When I first set up my FreeNAS server, I had no idea what I was doing. At all. This was my proverbial toe in the water of storage. I read over all the documentation beforehand, sure, but that didn't mean I knew what I was doing.

The phenomenon surrounding FreeNAS is its use of Solaris' ZFS filesystem, a hearty, replicated aggregate of both filesystem and volume manager, underneath a FreeBSD front-end. By default ZFS requires a lot of resources, which is why I put it on my beefiest box, which just so happened to be the only box I had which contained a RAID controller which could be bypassed to allow FreeNAS to carve the raw disks directly. Or so I thought. Spoiler alert, it doesn't.

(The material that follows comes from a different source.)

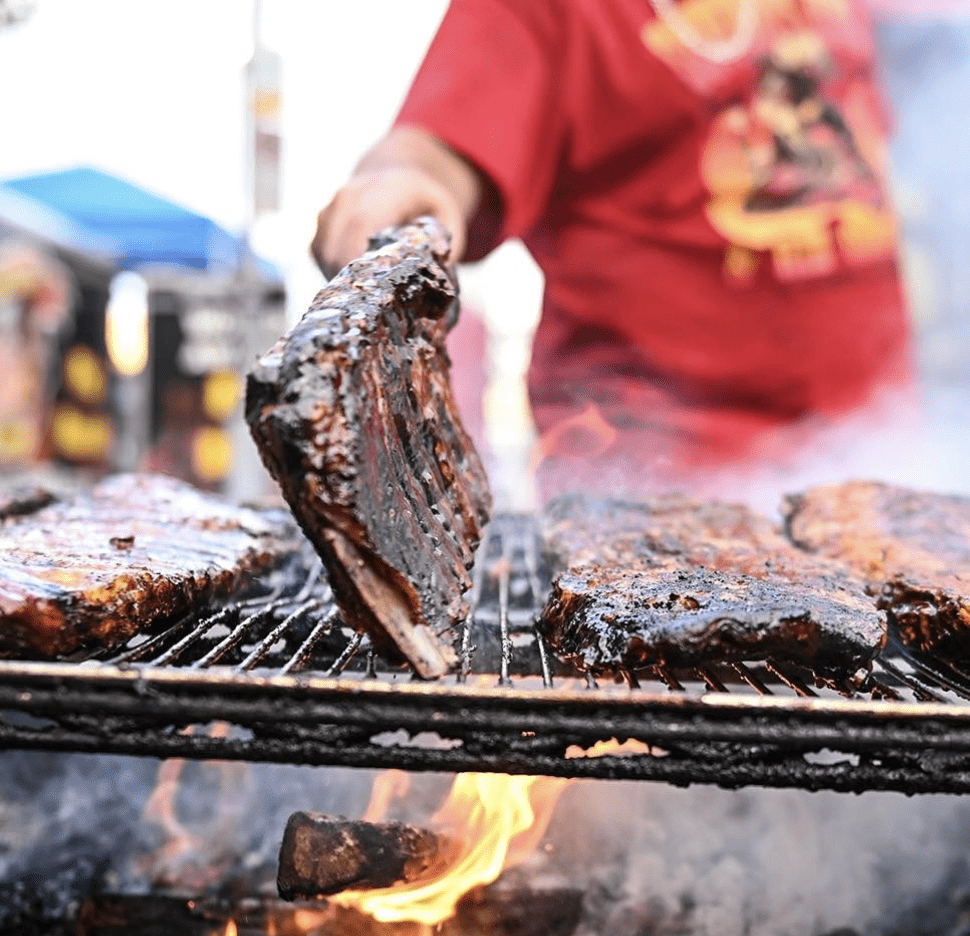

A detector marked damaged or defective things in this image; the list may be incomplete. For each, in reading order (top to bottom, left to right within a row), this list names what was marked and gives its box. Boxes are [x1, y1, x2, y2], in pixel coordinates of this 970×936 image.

So unbeknownst to me for nearly a year, my FreeNAS instance carved its volume management from the server's RAID array. Surely this would have gone unnoticed indefinitely, excepting a single drive failure. ZFS handles drive failures with aplomb - disable the drive in the NAS GUI, hot swap and rebuild. However, because FreeNAS couldn't see the individual drive (remember, it only sees the entire array), I couldn't disable it. No problem for a hot-swap RAID array though, right? Or was it?

I posted the conundrum to the local FreeNAS forums and the reply I received was, "Well, it might work, it might not." Awkwardly enough, that was my own conclusion as well prior to posting the question. Regardless, I backed up the entire array to my UNRAID server, and for good measure powered-down the FreeNAS server before replacing the failed disk. Everything booted and the hardware RAID starting rebuilding, unbeknownst to FreeNAS, and someday (not today) I'll look at migrating away from my initial architectural failure.